Salafis oppose Saudi infrastructure loan, claiming ‘usury’

Salafi lawmakers have again cast doubts over the religious legitimacy of a loan, this time from Saudi Arabia, saying that they fear that its interest rate qualifies as usury.

The dispute comes just one day after lawmakers voiced opposition to a loan from the European Union for the same reason.

MPs from the Nour Party got into a rancorous debate with Freedom and Justice Party MPs Monday over an agreement between Egypt and Saudi Arabia for the latter to fund a drinking water project in Nasser City.

Nour Party members demanded that the agreement be reviewed by Al-Azhar's Senior Scholars Authority, saying the 225 million riyal loan carried a usurous interest rate. Article 4 of the Constitution stipulates that “Al-Azhar Senior Scholars are to be consulted on matters pertaining to Islamic law.”

However, FJP lawmakers denied that the loan was equal to usury and voted in favor of it.

Nour Party member Ahmed al-Rawy said during the debate that both the EU and the Saudi Arabian loans charged the same high interest rates, qualifying them as usury. Shura Council Speaker Ahmed Fahmy responded by saying, “We’re not experts; we have to get out of this controversy,” prompting Rawy to call for the issue to be referred to Al-Azhar.

Shura Council Majority Leader Essam al-Erian dismissed claims that the loan violates Sharia, saying that both Egypt and Saudi Arabia adhere to Sharia and calling on the council to quickly approve the loan in light of the country's deteriorating infrastructure.

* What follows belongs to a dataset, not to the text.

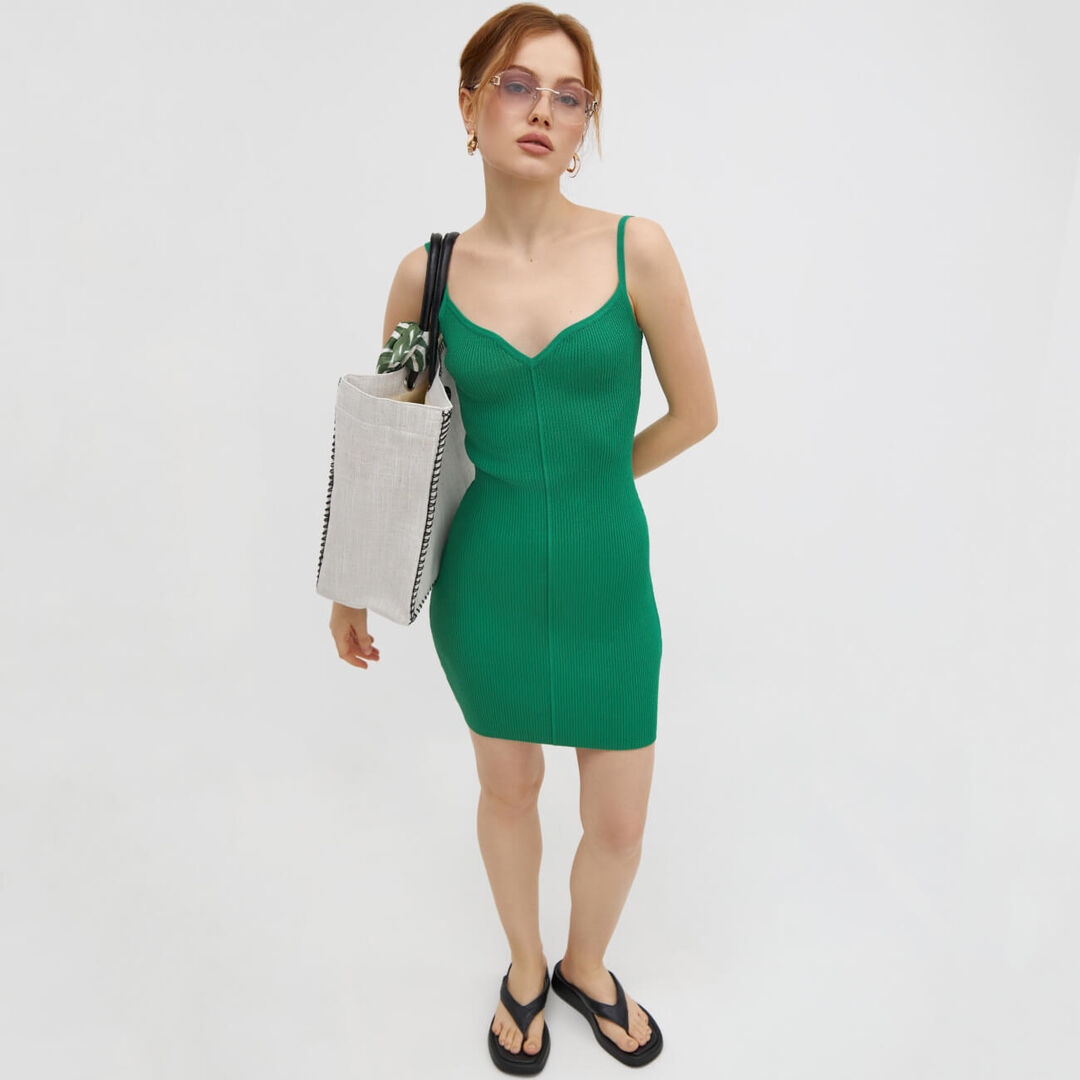 Платье женское, мини, р. М, на бретельках, вискоза/нейлон/полиэстер, зелено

Last year saw heated debate over whether or not a now-delayed loan from the International Monetary Authority was Sharia-compliant. Salafis had initially opposed the loan, saying it was usurous, but prominent Salafi preacher Yasser Borhamy later issued a Fatwa saying that the loan could be considered a grant, since its interest rate was only 1.1 percent and could be paid in the form of administrative fees.